World tour: the 2016 Venice Architecture Biennale’s national participations
While the Padiglione Centrale and Arsenale’s centrally curated part of the Venice Architecture Biennale is half the point (and fun) of the grand celebration, the event’s numerous national participations, spanning locations in and out of the official sites, provide the all-important global context and other half. Responding to Alejandro Aravena’s 2016 theme, ’Reporting From The Front’, some 60-plus countries took part this year, presenting a show that is rich, layered and varied.
Thirty or so national participations are spread across the Arsenale complex’s various buildings and other locations across Venice, forcing the visitor to take a thoroughly welcome stroll through the magical canal city. As always, the Giardini park hosts some 30 of the biennale’s constants – including this year’s Golden Lion for Best Pavilion winner, Spain. Entitled ‘Unfinished’, the Spanish display, curated by the architects Iñaqui Carnicero and Carlos Quintáns, looks at the country’s economic and construction crisis, urging for ways to turn a difficult situation into a positive one through an attractive and thought provoking combination of design and photography.

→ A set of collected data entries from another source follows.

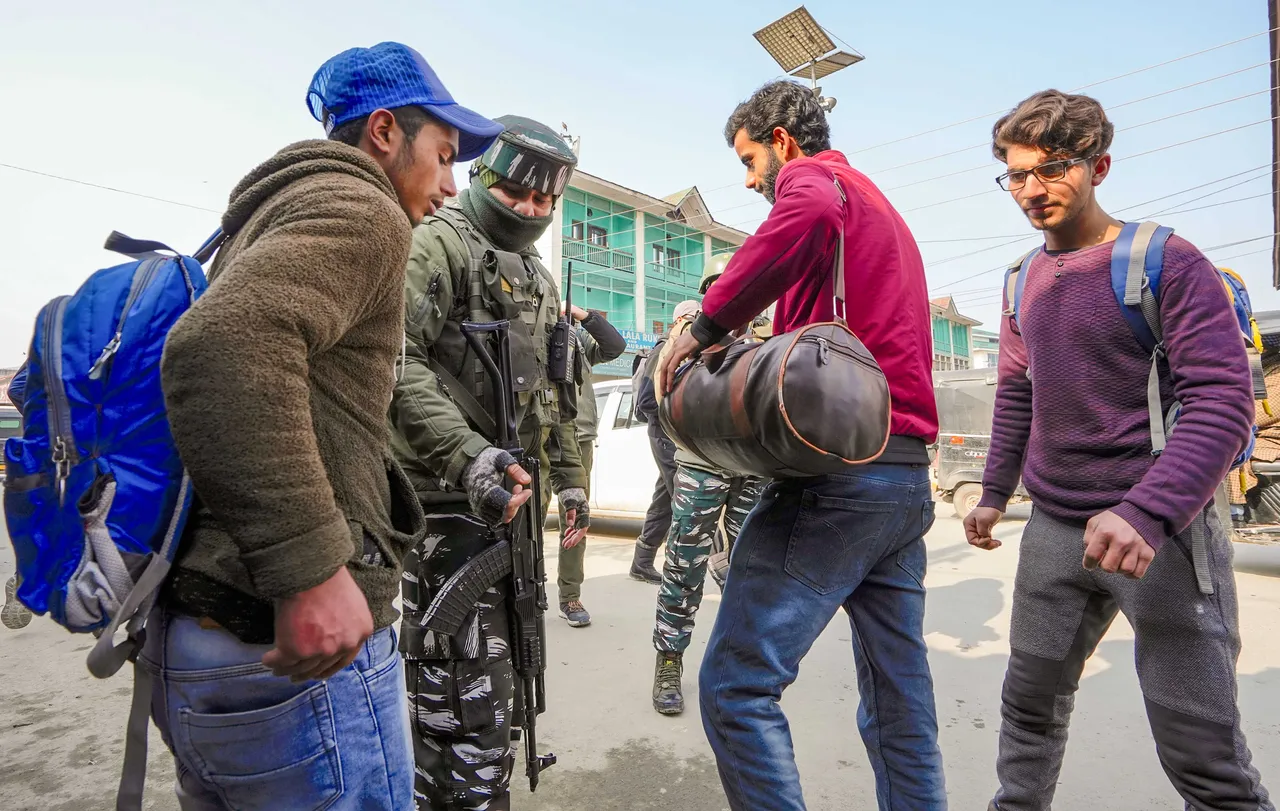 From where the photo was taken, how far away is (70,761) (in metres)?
2.75

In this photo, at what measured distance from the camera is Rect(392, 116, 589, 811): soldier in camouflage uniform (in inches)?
78.2

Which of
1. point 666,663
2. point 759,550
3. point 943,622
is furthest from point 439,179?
point 943,622

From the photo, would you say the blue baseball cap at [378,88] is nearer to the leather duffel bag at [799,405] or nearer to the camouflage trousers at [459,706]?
the leather duffel bag at [799,405]

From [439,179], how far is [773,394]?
0.78m

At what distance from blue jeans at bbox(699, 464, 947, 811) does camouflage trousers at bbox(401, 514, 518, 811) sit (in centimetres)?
63

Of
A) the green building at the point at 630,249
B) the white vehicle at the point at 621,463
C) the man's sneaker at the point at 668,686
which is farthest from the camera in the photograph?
the green building at the point at 630,249


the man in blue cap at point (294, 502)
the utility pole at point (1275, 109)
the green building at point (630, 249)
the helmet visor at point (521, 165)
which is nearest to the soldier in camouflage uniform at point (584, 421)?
the helmet visor at point (521, 165)

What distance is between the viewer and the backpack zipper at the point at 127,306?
0.95 m

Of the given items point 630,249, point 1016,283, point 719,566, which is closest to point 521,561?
point 1016,283

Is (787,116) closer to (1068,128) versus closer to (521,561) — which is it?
(1068,128)

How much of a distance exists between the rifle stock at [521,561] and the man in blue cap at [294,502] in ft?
2.73

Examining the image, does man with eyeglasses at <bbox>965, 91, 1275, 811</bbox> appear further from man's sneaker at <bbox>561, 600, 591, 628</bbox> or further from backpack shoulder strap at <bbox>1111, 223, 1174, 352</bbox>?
man's sneaker at <bbox>561, 600, 591, 628</bbox>

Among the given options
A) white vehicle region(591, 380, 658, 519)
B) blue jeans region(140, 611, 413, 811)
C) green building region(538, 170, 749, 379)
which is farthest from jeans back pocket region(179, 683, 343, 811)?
green building region(538, 170, 749, 379)

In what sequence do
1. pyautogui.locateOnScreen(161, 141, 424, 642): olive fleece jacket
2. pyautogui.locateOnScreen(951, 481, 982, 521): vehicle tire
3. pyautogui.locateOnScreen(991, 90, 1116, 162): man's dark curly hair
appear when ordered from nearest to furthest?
pyautogui.locateOnScreen(161, 141, 424, 642): olive fleece jacket → pyautogui.locateOnScreen(991, 90, 1116, 162): man's dark curly hair → pyautogui.locateOnScreen(951, 481, 982, 521): vehicle tire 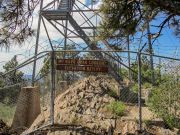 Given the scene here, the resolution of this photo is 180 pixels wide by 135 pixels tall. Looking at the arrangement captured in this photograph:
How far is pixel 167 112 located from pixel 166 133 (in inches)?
37.5

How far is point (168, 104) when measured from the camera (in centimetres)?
1377

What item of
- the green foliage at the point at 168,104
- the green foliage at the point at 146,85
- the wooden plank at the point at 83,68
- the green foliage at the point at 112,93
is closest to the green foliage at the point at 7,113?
the green foliage at the point at 112,93

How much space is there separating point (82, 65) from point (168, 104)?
253 centimetres

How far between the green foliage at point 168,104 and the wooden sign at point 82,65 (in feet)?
5.66

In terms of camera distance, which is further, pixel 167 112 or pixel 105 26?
pixel 167 112

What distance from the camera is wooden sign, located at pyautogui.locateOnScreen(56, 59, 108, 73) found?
1322 cm

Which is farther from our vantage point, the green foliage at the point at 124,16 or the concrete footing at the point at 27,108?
the concrete footing at the point at 27,108

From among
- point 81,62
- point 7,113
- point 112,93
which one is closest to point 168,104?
point 112,93

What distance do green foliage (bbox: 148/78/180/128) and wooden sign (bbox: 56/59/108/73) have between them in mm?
1726

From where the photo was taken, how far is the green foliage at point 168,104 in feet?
44.9

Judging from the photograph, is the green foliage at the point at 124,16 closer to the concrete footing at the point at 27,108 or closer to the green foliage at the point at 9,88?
the green foliage at the point at 9,88

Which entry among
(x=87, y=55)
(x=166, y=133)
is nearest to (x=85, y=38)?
(x=87, y=55)

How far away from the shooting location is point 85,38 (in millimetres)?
19266

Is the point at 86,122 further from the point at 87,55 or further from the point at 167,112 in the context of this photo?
the point at 87,55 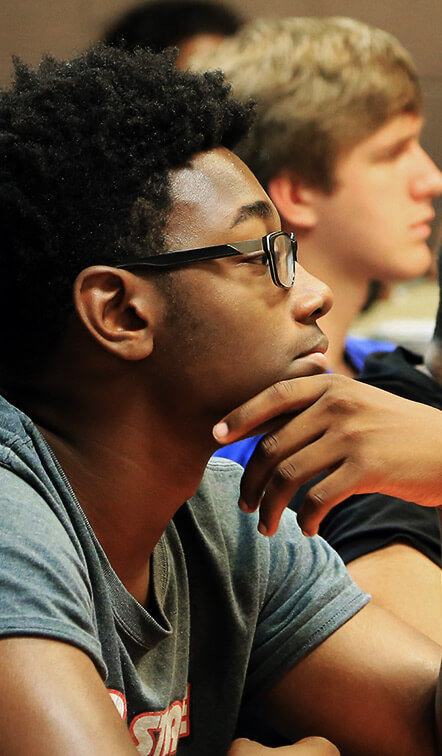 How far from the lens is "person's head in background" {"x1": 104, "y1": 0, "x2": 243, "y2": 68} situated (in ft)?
10.7

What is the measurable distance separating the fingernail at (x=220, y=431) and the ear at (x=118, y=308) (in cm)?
12

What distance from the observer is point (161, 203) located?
110 centimetres

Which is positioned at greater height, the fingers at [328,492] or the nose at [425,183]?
the nose at [425,183]

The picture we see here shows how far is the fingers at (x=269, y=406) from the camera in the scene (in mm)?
1086

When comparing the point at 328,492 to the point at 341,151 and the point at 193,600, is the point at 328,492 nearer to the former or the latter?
the point at 193,600

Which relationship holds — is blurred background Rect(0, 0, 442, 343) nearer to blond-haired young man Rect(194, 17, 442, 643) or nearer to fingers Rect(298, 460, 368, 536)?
blond-haired young man Rect(194, 17, 442, 643)

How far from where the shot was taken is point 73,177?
1.07 metres

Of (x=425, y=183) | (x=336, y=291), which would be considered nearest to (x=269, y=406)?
(x=336, y=291)

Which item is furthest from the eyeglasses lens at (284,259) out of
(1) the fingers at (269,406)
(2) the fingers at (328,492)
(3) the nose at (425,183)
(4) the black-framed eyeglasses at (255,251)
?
(3) the nose at (425,183)

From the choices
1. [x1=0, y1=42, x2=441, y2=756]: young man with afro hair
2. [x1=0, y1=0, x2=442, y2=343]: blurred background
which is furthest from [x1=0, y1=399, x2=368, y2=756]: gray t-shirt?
[x1=0, y1=0, x2=442, y2=343]: blurred background

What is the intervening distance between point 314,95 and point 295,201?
229mm

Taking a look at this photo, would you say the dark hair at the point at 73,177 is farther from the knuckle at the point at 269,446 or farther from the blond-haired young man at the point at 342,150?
the blond-haired young man at the point at 342,150

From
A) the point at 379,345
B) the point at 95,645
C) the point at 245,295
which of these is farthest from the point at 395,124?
the point at 95,645

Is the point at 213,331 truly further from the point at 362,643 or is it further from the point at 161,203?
the point at 362,643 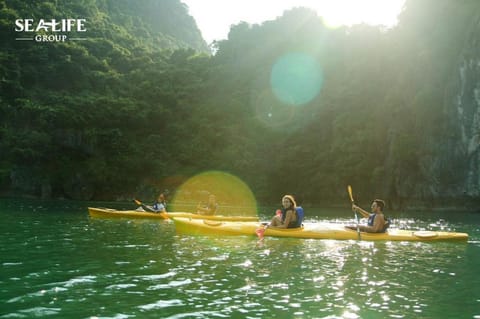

Several more shows offer a well-planned, eye-catching installation. Australia’s ‘The Pool’ – a full scale paddling pool – was the perfect spot to relax and take on the role of one of the country’s key cultural institutions; while Belgium’s ‘Bravoure’ show depicts examples of craftsmanship within the mundane and in the context of our economically-challenged times, through full-scale mock-ups and beautiful shots by photographer Filip Dujardin.
Meanwhile, execution aside, simply by taking note of each pavilion’s chosen theme, a map of the key issues dominating architectural debate in each country soon emerges. Migration, asylum and the refugee crisis take centre stage at the German and Finnish pavilions, while the Dutch offers an arresting study in blue; an exploration of the architecture of peacekeeping missions. The Brits identify housing as their key theme. This also appears in Japan and Korea’s participations – though seen through very different means and angles, adding urban density, social issues and regulatory constraints to the mix.
The US presents a series of architectural proposals for Detroit, using the North American city as a case study for their response to urban and socioeconomic issues. Greece aims to touch upon almost all of the above themes, while Denmark and the Nordic Pavilion look into their countries’ legacy and future. France investigates transformation in ordinary, everyday locations and neighbourhoods. Turkey’s Pavilion, ’Darzanà’, focuses on dockyards, ports and cultural interchange between countries, represented through a fascinating deconstructed vessel, hanging from the Arsenale’s Sale d’Armi.
This was also a Biennale of firsts – the Seychelles, Nigeria, the Philippines, Yemen and a trio of Baltic countries all created debut displays for the show.
In addition, a brand new pavilion made its appearance within Giardini. Solo Galerie teamed up with Chilean architects Pezo von Ellrichshausen to create ’Vara’, a deep green, labyrinthine concrete structure, nestled among the national participations – the first ever of this scale to pop up in the park.